_WHAT TO WORK ON_: Extract the stretch of lines that starts at the line with "OAKLAND PARK Apartment: 95-101 NE 41 ST" and ends at the last line of the data below. Give it exactly, without pictures.

_INPUT DATA_:
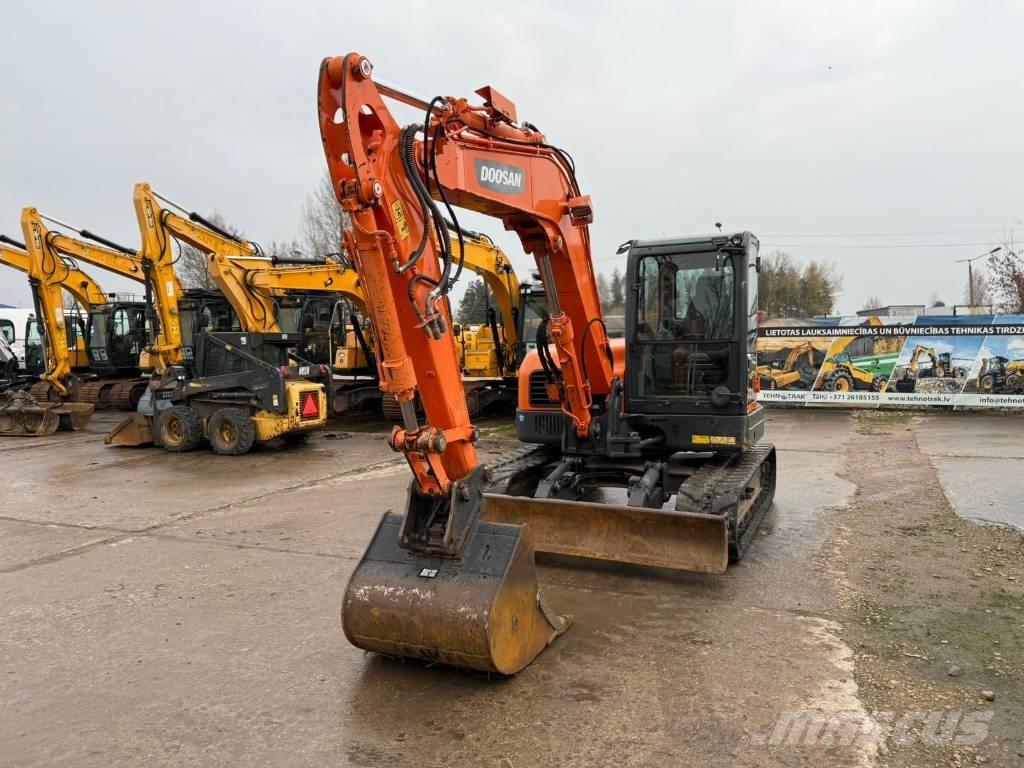Doosan DX 85 R Vidutinės galios ekskavatoriai 7-12 t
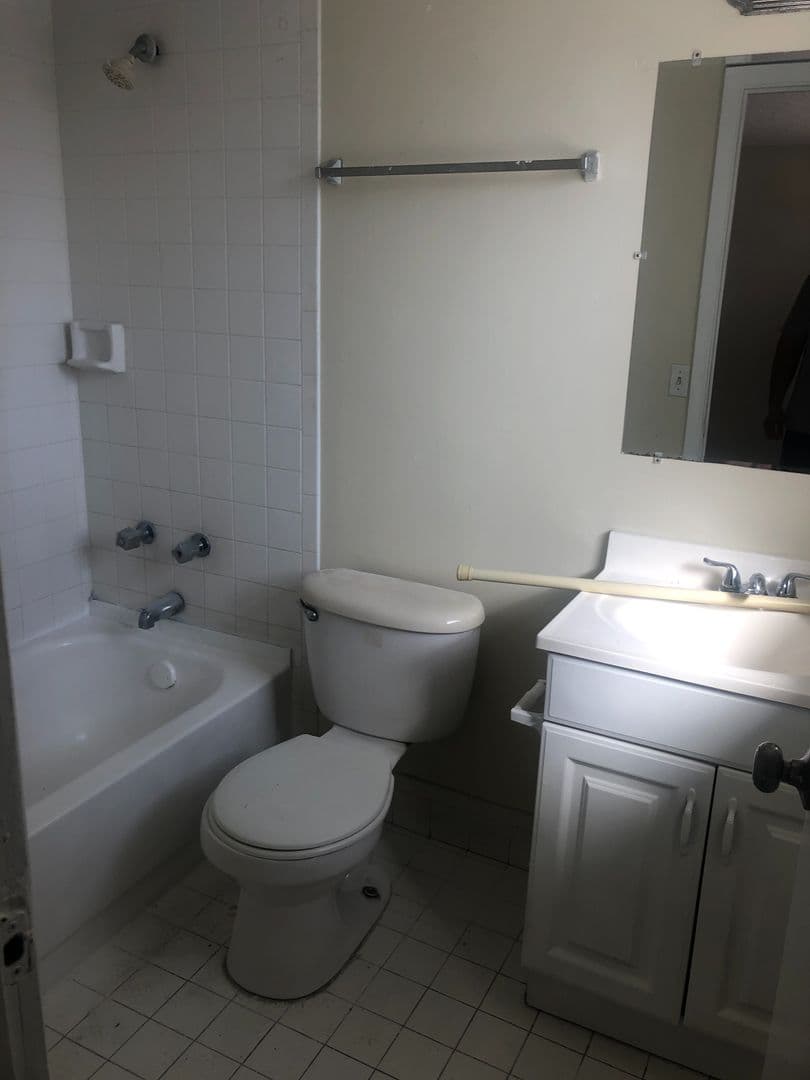 OAKLAND PARK Apartment: 95-101 NE 41 ST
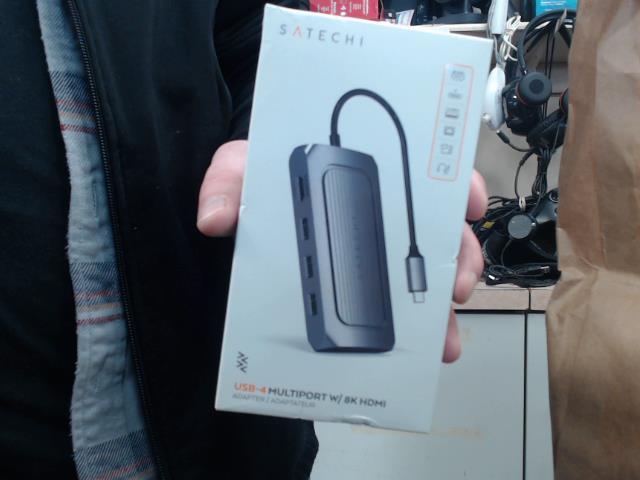 Usb-4 multiport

_THE COMPLETED TASK_:
 OAKLAND PARK Apartment: 95-101 NE 41 ST
 Usb-4 multiport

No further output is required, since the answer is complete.